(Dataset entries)
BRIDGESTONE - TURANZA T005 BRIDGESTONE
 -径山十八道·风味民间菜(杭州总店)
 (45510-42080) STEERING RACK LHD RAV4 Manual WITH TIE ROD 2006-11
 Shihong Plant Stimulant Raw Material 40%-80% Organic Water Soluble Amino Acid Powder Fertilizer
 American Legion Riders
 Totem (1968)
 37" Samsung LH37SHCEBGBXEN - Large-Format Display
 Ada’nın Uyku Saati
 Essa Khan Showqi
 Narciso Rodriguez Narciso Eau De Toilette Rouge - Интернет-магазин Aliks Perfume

▶ _WORK REQUIRED_: Give all the records above again, wording unchanged.

▶ _RESULT_:
BRIDGESTONE - TURANZA T005 BRIDGESTONE
 -径山十八道·风味民间菜(杭州总店)
 (45510-42080) STEERING RACK LHD RAV4 Manual WITH TIE ROD 2006-11
 Shihong Plant Stimulant Raw Material 40%-80% Organic Water Soluble Amino Acid Powder Fertilizer
 American Legion Riders
 Totem (1968)
 37" Samsung LH37SHCEBGBXEN - Large-Format Display
 Ada’nın Uyku Saati
 Essa Khan Showqi
 Narciso Rodriguez Narciso Eau De Toilette Rouge - Интернет-магазин Aliks Perfume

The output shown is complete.